■ **Source data**
□ □ □ □ □ □ □
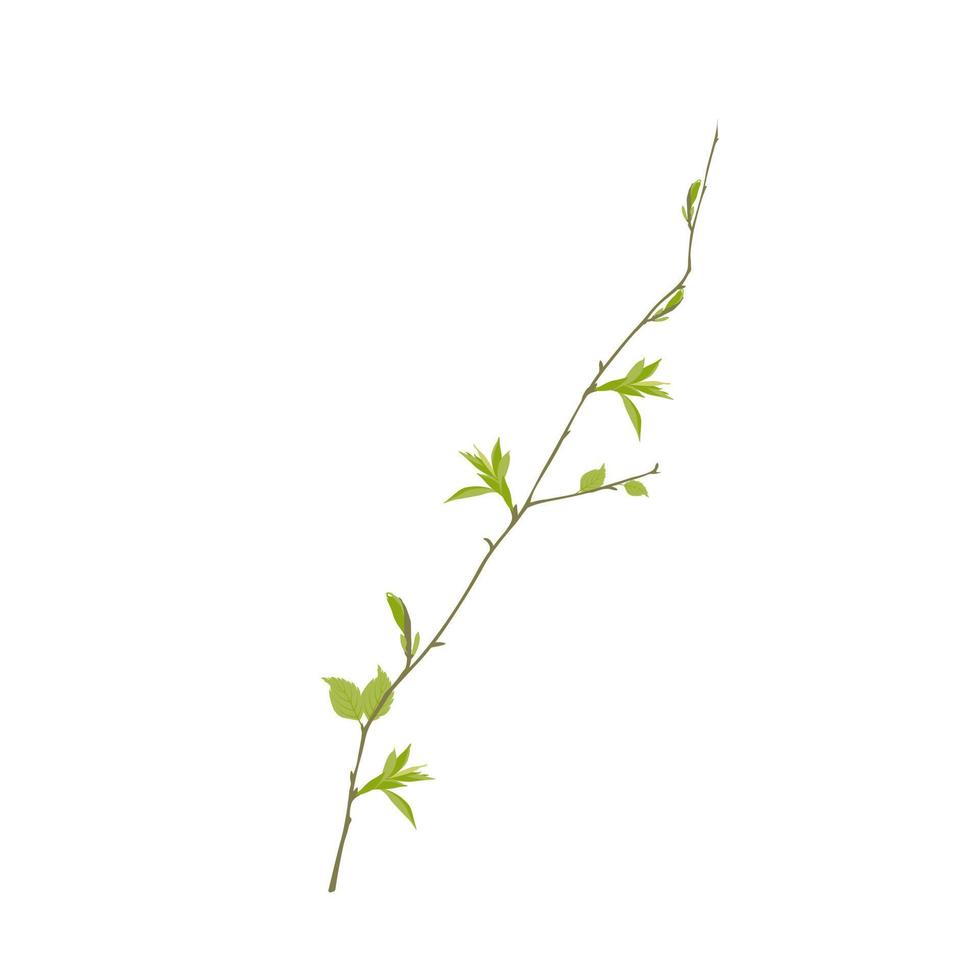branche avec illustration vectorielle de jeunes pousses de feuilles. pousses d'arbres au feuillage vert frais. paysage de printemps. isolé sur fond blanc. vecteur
□ □ □ □ □ □ □
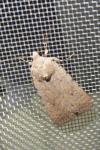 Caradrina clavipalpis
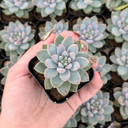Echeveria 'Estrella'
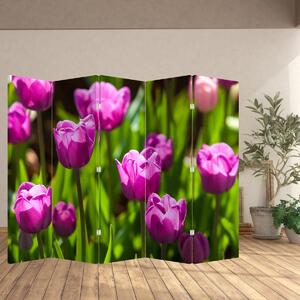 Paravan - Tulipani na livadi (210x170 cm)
□ □ □ □ □ □ □
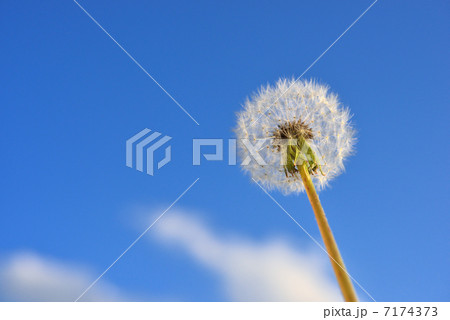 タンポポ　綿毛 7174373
□ □ □ □ □ □ □
■ **Exercise directions**
Give again the stretch of the entries above that begins at the line with "Echeveria 'Estrella'" and ends at the line with "Paravan - Tulipani na livadi (210x170 cm)", word for word, with no pictures.

■ **Answer to this problem**
Echeveria 'Estrella'
 Paravan - Tulipani na livadi (210x170 cm)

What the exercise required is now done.